Second Polish Republic
During Polish-Soviet War of independence, Hlybokaye was taken over by the Polish Army in December 1919, but in July 1920 found itself in the hands of the Bolsheviks as a result of the offensive by Mikhail Tukhachevsky. On 5 July 1920, near Hlybokaye there was a battle in which some 1,500 soldiers died on both sides. In October 1920, the Poles regained the city. The incorporation of Hlybokaye into the Second Polish Republic was officially confirmed by the 1921 Treaty of Riga signed between Poland and the Soviet Union. It was given town status and became the administrative center of the Dziśnieński–Głębokie district and the seat of municipality. On 19 February 1921, Hlybokaye became part of Nowogródek Voivodeship (1919–39), from 13 April 1922, part of Ziemia Wileńska region, and on 20 January 1926 part of Wilno Voivodeship (1926–39). On 10 November 1933, the settlement of Gliniszcza was included within the boundaries of Hlybokaye.

According to the Polish census of 1921, some 2,844 Jews lived in Hlybokaye, accounting for 63% of its population. Just before the Soviet invasion of Poland in World War II, Hlybokaye had a population of 9,700. Most residents worked in either, confectionery factory, tannery, mill, county administration, private shops, and warehouses. Every Thursday market was held in the town's centre, and four times a year - country fairs. Also in the town stationed the Polish Border Protection Corps (KOP) regiment.

World War II and later
As a result of the Soviet invasion of Poland beginning 17 September 1939, the town was overrun by the Red Army and on 2 November 1939, incorporated into the Byelorussian SSR of the Soviet Union.
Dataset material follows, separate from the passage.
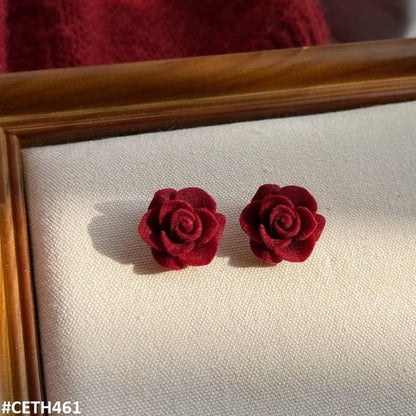 CETH461 ZHL Velvet Red Rose Mini Stud Ear Tops Pair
It became part of the brand new Vileyka Voblast on 4 December 1939. Hundreds of Poles were arrested by the NKVD and imprisoned on trumped-up charges.  Following the start of Operation Barbarossa on 22 June 1941, the NKVD murdered 1,000-2,000 prisoners, mostly Polish nationals, near Hlybokaye.
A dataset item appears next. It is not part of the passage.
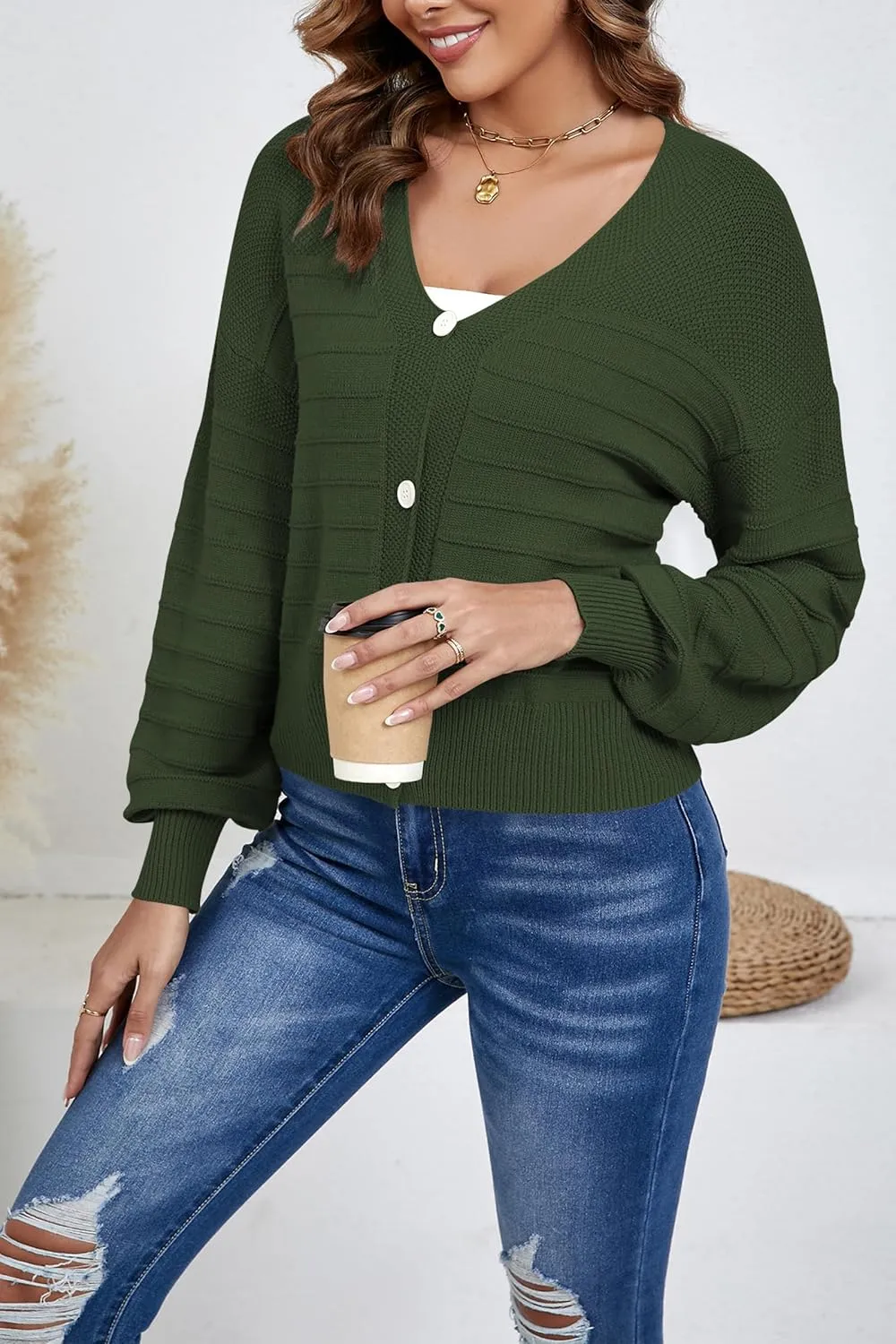 Women's Cropped Cardigan Lightweight Button Down V Neck Knit Dressy Casual Short Cardigan Sweaters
Hlybokaye fell under German occupation on 2 July 1941. Shortly thereafter the Germans enacted a number of anti-Jewish laws, including the mandating of the seizure of personal property, and established a Judenrat.  The Jews of Hlybokaye were relocated into a ghetto on 22 October 1941. Mass killings of Jews began around this time and continued during the German occupation. The largest such event occurred on 19 June 1942, when the Germans, with the help of local collaborators, murdered 2,200 Jews.  During this time Jews from neighboring communities were resettled in the Hlybokaye ghetto, such that the population grew to around 4,000 by the summer of 1943.  The Germans began to liquidate the ghetto on 19 August 1943, at which time the inhabitants were told that they were to be sent to the Majdanek concentration camp.  In response, an uprising broke out in Hlybokaye organized by Jewish anti-Nazi insurgents, which was suppressed by German artillery and air support, including the use of incendiaries that set the town on fire and led to many casualties.
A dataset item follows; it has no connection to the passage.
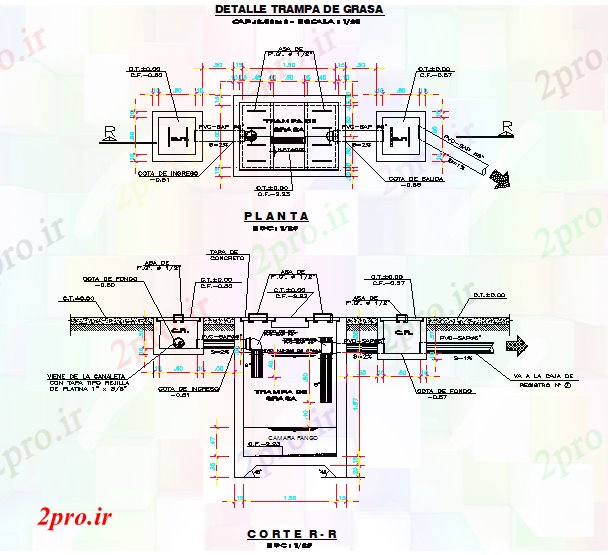 دانلود نقشه جزئیات ساخت و ساز Fattrap (کد58622)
At the local Catholic cemetery, there are graves of both parents of the famous Polish writer Tadeusz Dołęga-Mostowicz, his father Stefan and mother Stanisława née Popowicz. In 1998, on the back wall of the house (now courthouse) which once belonged to Mostowicz family, a bilingual plaque was laid commemorating the writer.

In July 2009, in the Orthodox Nativity of the Blessed Virgin Mary the council during a work order found the remains faithful to the Poles. Screening is conducted, and the bones were buried, officially because of the odor.

The flag and coat of arms
Hlybokaye's flag and coat of arms were established on 20 January 2006 by Belarusian presidential ukase No. 36

Monuments
 Birth of the Virgin Cathedral - were dedicated to the church of the Discalced Carmelites. Assumption of the Blessed Virgin Mary (1730-1735).
 Church of Sts. Trinity in the Głębokie - the Catholic Church, the parish of the Holy Trinity was founded by Joseph Korsak governor in 1628. Church of St. Trinity is one of the few in what is now Belarus active continuously since the foundation.
 Church and Basilian Monastery in Berezwecz - Annexed into Hlybokaye under Soviet rule. Founded in 1637 by Joseph Korsak. Initially, built of wood, exposed brick in the years 1756–1767. Basilian Order scrapped in 1839, the monastery in the second half of the nineteenth century turned into an Orthodox monastery. Between the Catholic Church restored convent and monastery KOP placed. In September 1939, the NKVD in the prison set up rooms for Poles. Preserved monastic body. Pobazyliański Church, a beautiful example of baroque Vilnius, destroyed in 1970, the order of the local authorities. The remains of the Basilian monastery building is now in prison.
 Chapel Cemetery on "Kopciówce" - p. St. Elijah (seventeenth century) - the foundation of Joseph Korsak. Took care of the temple of the Carmelites (hence the call took St. Elias, the founder of the Order of Hermits of Mount Carmel). Approx. 1775 - reconstruction of the temple. In 1865 - taken to the church, 1921 - recovery of the Catholic chapel, known then as the church rector, "school" church. Sacred Heart of Jesus in the cemetery, 1928-1938 - Fr. Kazimierz Mirynowski (CAT). 1932 - Renovation of the temple, 1938 - rector of the church, Fr. Mirynowski also served chapels and Koraby Soroka. Currently unused.
 Buildings in Zakopane, the years 1920–1930. The city was built or rebuilt six houses in Zakopane style. They are on the streets Free and Komsomolskaya (former Narutowicza). Identical Braslav also built and Szarkowszczyźnie. All the houses were covered with metal roofing. The complex also been planted larches.

Destroyed monuments
 Radziwill Palace — Model year - after 1700. Lost - August 2005. In the place of the historic monument, with the permission of the authorities, built the store.
 Orthodox church. Trinity — Model year - XVII. Destroyed - 1880.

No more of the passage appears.